Dans « Ocean Forever », tu parles de la grisaille de Paris, de l’envie de la quitter. Mais finalement, n’est-elle pas inspirante, cette grisaille ? 

C’est le paradoxe même des villes folles. Parfois on aime souffrir aussi, ça provoque de l’inspiration. Je reviens un peu de cette idée, parce que je trouve aussi qu’il y a quelque chose d’un peu snob… Et je fais un peu mon auto-critique, mais on est dans une ville où parfois on souffre, mais pas trop, et en même temps on peut se dire « j’ai mon petit lot de tristesse, je peux composer ». Par exemple, dans une période actuelle où on souffre beaucoup justement, on se rend compte que ça ne fonctionne plus cette excuse de la ville qui fait souffrir, parce qu’on souffre déjà. Je pense par contre que des villes sont et resteront inspirantes. Par exemple Paris, ça restera toujours une ville prenante, il y a tellement de gens, c’est un musée des folies : la dynamique de cette ville est flippante. Donc oui, il y a toujours matière à. Je pense néanmoins qu’un lieu seul, ça n’a jamais de sens.

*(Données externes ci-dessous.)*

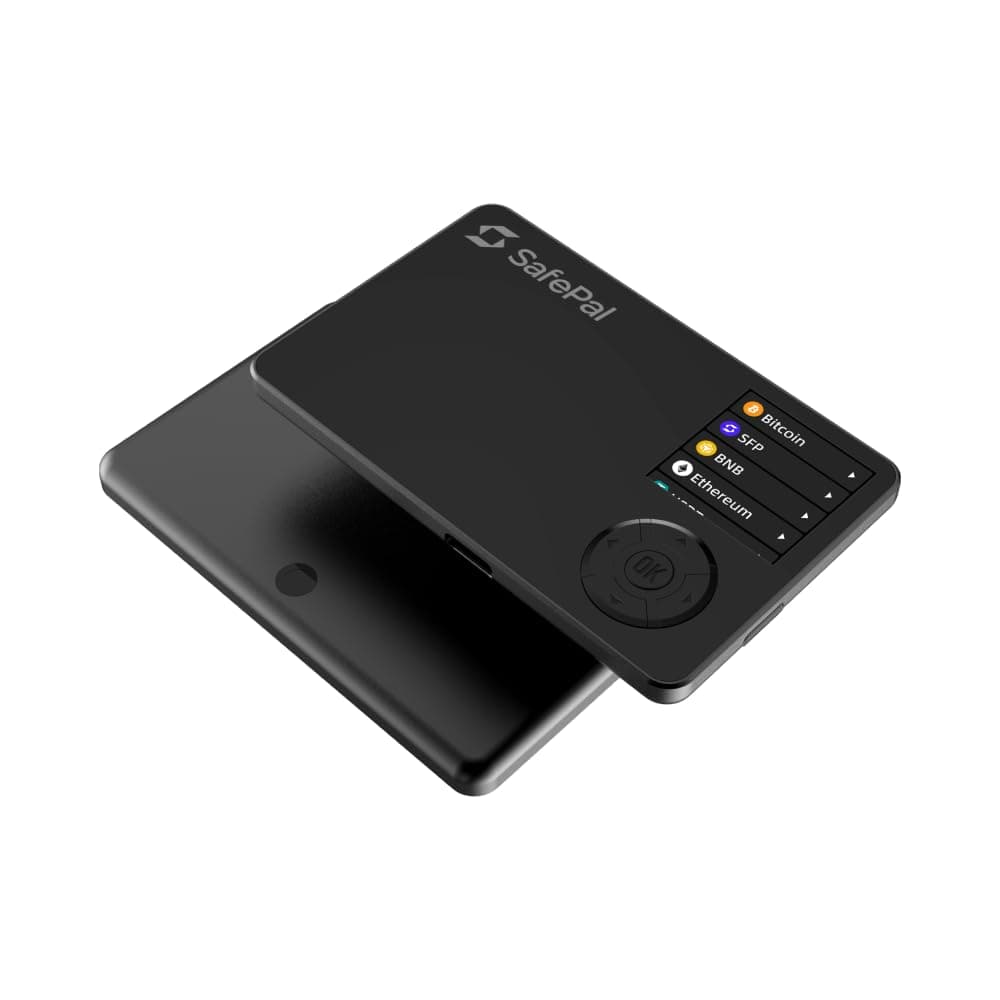 SafePal S1 Pro - Cryptocurrency Hardware Wallet, Cold Storage for Bitcoin, Etheruem, Solana and More Tokens, Securely Store Private Keys, Seed Phrases & Crypto Assets Offline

C’est quand on le quitte et qu’on revient qu’on se rend compte des choses, c’est quelque chose que les enfants de province connaissent très bien d’ailleurs. 

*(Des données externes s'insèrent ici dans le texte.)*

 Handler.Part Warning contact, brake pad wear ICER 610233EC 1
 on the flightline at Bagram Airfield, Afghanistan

As-tu un morceau coup de coeur ? 

C’est hard, parce que je les aime tous. Après c’est pas pour ne pas répondre à cette question, mais ce qui est assez intéressant avec cet EP, c’est que tous les morceaux sont liés. C’est bien de l’écouter en entier, parce qu’il y a quelque chose qui peut être nerveux, avec « Des rêves » qui fait des constats et qui peut être assez dure, mais « Le beau mois d’août » a quelque chose d’assez dur et violent aussi. Autour de ça il y a « Dolce Vita », il y a « Le film à l’envers », qui sont beaucoup plus chaudes, beaucoup plus romantiques et finalement je crois que c’est ça que j’aime lier. Les chansons déteignent les unes sur les autres et c’est ça dont je suis le plus fière, les chansons parlent les unes entre elles. J’aime que ce ne soit pas juste des singles, des chansons prises comme ça. Moi dans ma vie c’est un flux continu donc c’est important que les auditeurs sentent aussi cet univers, qu’on rentre dans une histoire et qu’on en sorte et ça je pense que ça me vient aussi de ma formation en cinéma. 

Quelle est idée autour du clip de « Des rêves » ? Que représente ce titre pour toi ? 

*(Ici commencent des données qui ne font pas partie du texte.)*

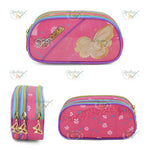 ESTOJO ESCOLAR ROSA PRINCESS COM 3 ZIPERS - MAXLOG REF.: EI32796PS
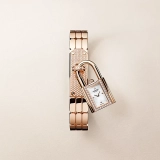 Hermes Kelly watch, Mini model, 16 mm Mini rose gold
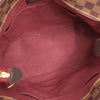 Louis Vuitton Jersey Damier x Leather 2Way Shoulder Bag in Brown x Burgundy N44021 Secondhand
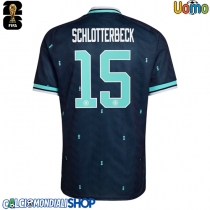 Maglie da calcio Germania Nico Schlotterbeck #15 Seconda Maglia Mondiali 2026  Manica Corta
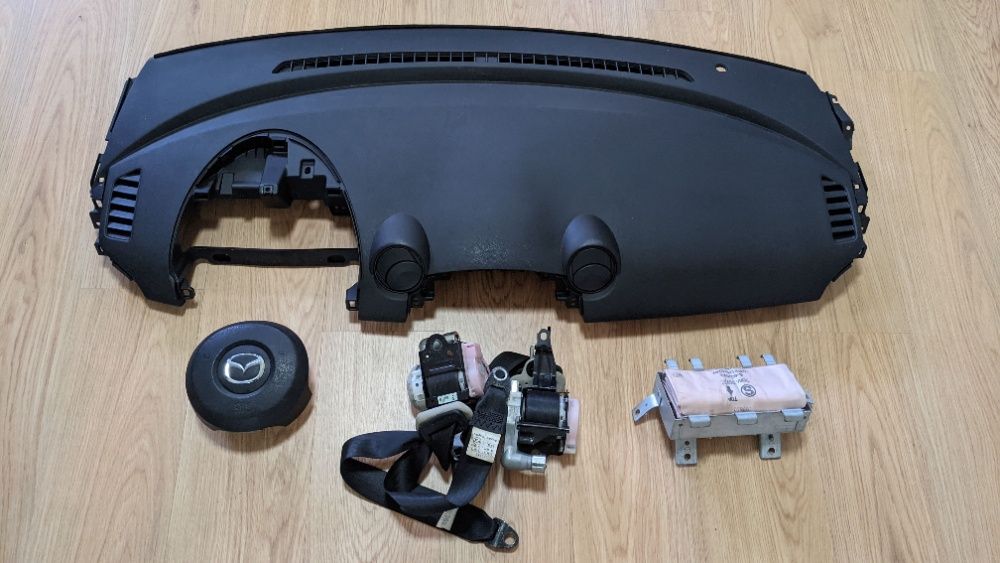 Conjunto Kit Airbags Tablier Mazda 2 Original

Des rêves, c’est une chanson pilier et uppercut, je crois dire 45 fois « je », c’est vraiment un constat que j’ai fait à un moment de ma vie et duquel je ne suis pas trop sortie d’ailleurs… J’avais envie de dire ‘on n’en peut plus’ et en même temps de dire ‘rêvons, il y a de l’espoir’. La fin, ça peut se finir bien, c’est une chanson violente avec une happy end. Le clip, c’est pareil, il y avait cette envie d’amener cet endroit de rêves. Dans ce clip, je commence toute seule et à la fin on est en groupe. P.R2B c’est ça, je commence toute seule, j’écris, je compose, je fais mes clips, c’est quelque chose de très personnel et au final pas du tout. Je crois que ce qui est beau, c’est de ne finir pas seul et d’être avec des gens qui rêvent avec nous. On est tous dans des solitude et en même temps on parle beaucoup du développement personnel, où le « je » prend toute son importance : « comment JE vais m’en sortir », « comment JE peux être heureux », mais finalement on se rend compte que si ON ne s’en sort pas, si ON ne fait pas les choses ensemble, ça va être compliqué. Le titre est hyper fondateur dans ce sens-là, de commencer par le « je », parce qu’on peut pas faire autrement, mais vouloir un « nous » à la finalité. Tout l’EP a cette dimension-là et parle de ça, et c’est que je trouve beau.